**Records supplied:**
# # # # # # #

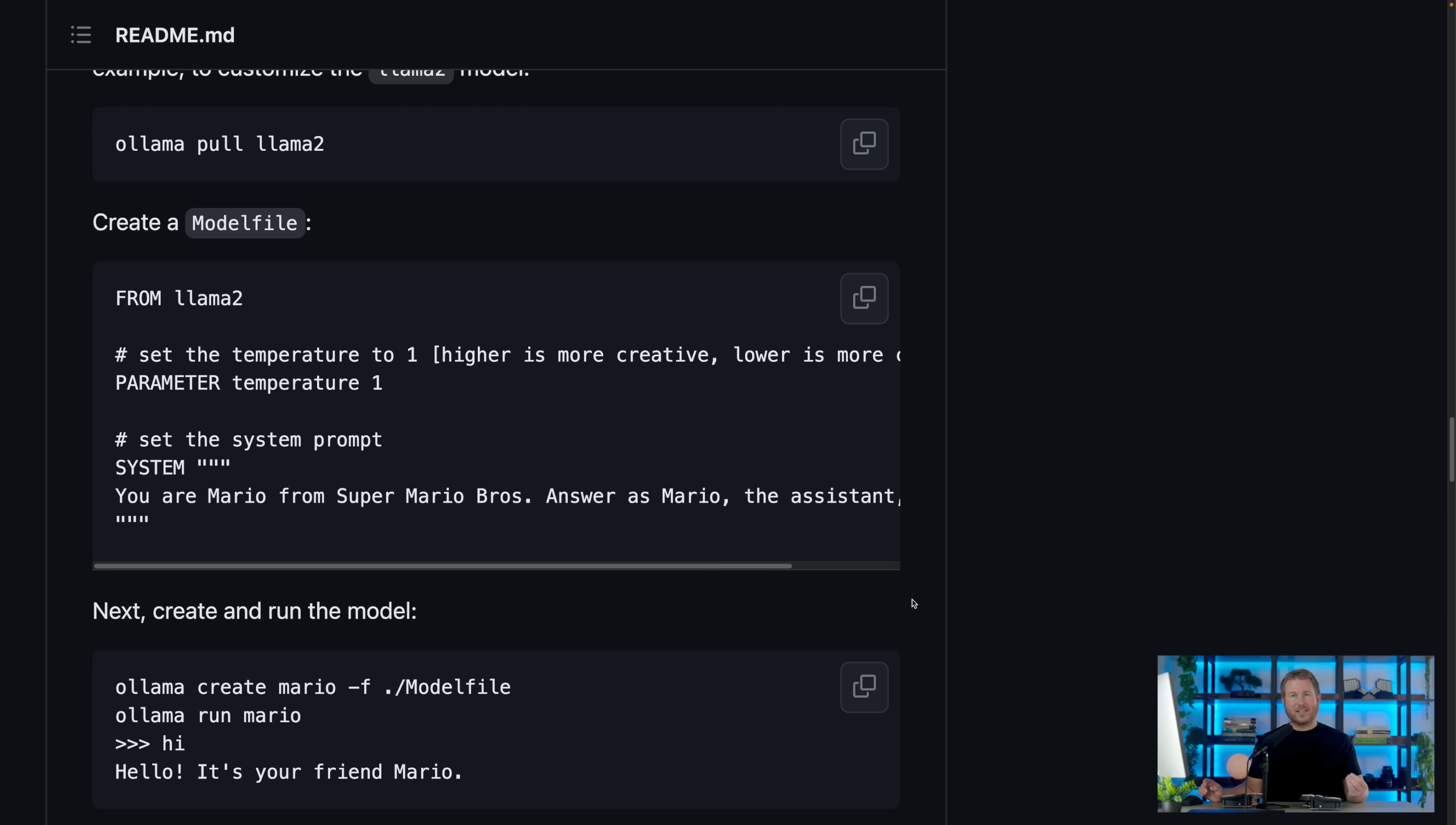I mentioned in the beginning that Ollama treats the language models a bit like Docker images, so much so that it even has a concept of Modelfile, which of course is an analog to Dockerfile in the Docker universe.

# # # # # # #

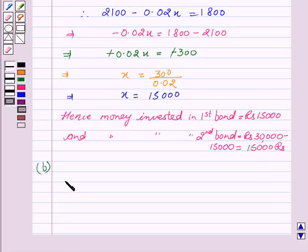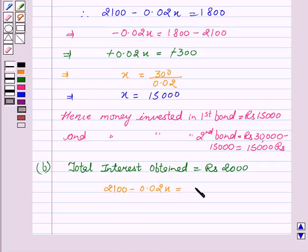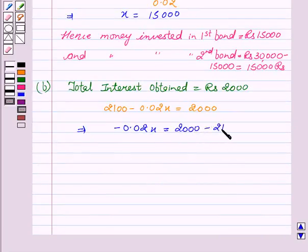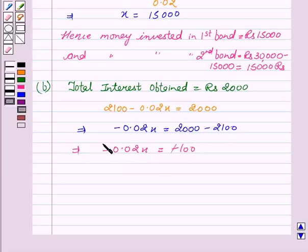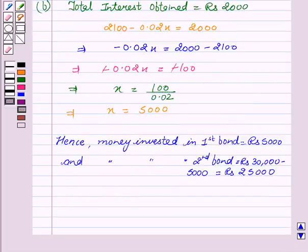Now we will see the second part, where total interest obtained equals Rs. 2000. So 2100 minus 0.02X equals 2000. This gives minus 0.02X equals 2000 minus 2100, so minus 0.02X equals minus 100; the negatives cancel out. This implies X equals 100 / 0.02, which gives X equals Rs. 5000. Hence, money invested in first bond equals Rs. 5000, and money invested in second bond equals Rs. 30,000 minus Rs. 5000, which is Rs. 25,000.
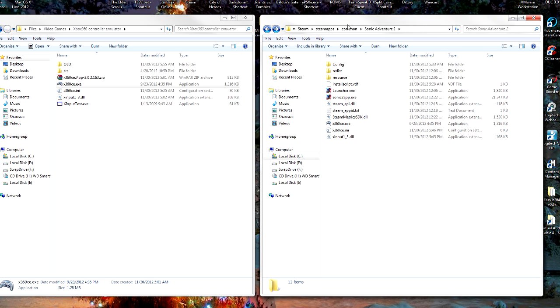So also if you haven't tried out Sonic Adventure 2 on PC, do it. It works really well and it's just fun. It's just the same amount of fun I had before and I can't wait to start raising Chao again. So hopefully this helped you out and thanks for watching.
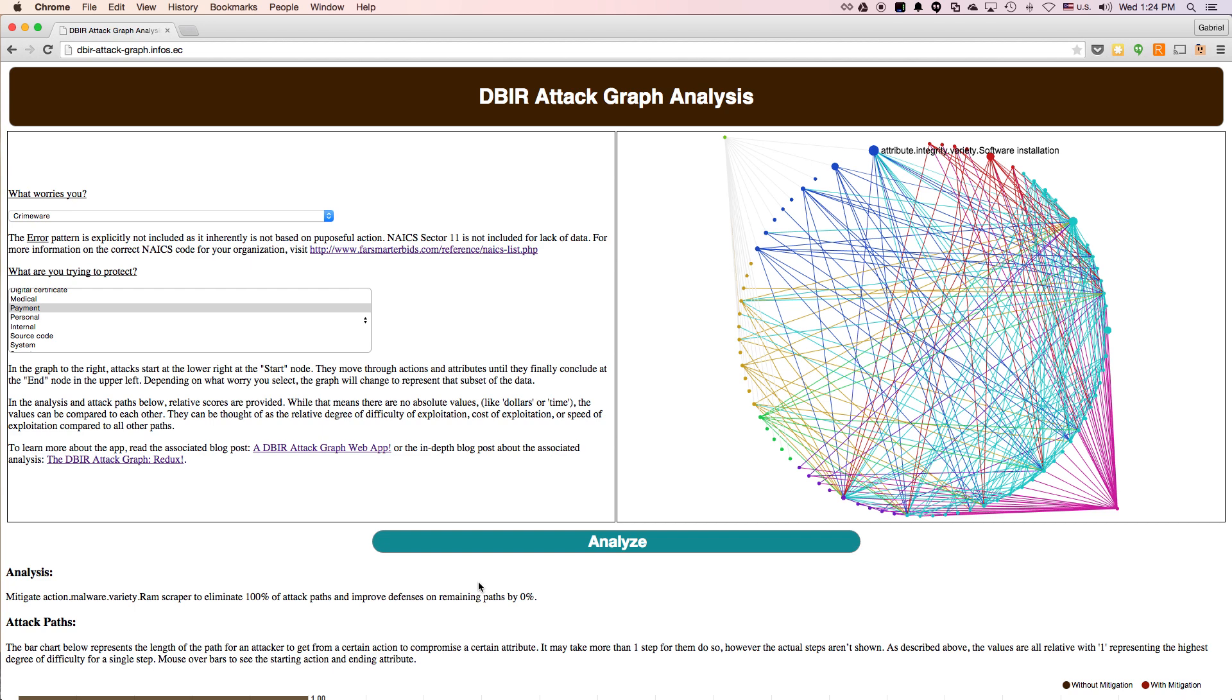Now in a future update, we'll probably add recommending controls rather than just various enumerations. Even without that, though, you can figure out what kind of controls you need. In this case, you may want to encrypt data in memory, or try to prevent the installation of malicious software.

# # # # # # #

**Brief:** Beginning with the line that contains "Now we will" and ending with the line that contains "Now in a future", reproduce the listing exactly, pictures excluded.

**Response:**
Now we will see the second part, where total interest obtained equals Rs. 2000. So 2100 minus 0.02X equals 2000. This gives minus 0.02X equals 2000 minus 2100, so minus 0.02X equals minus 100; the negatives cancel out. This implies X equals 100 / 0.02, which gives X equals Rs. 5000. Hence, money invested in first bond equals Rs. 5000, and money invested in second bond equals Rs. 30,000 minus Rs. 5000, which is Rs. 25,000.
So also if you haven't tried out Sonic Adventure 2 on PC, do it. It works really well and it's just fun. It's just the same amount of fun I had before and I can't wait to start raising Chao again. So hopefully this helped you out and thanks for watching.
Now in a future update, we'll probably add recommending controls rather than just various enumerations. Even without that, though, you can figure out what kind of controls you need. In this case, you may want to encrypt data in memory, or try to prevent the installation of malicious software.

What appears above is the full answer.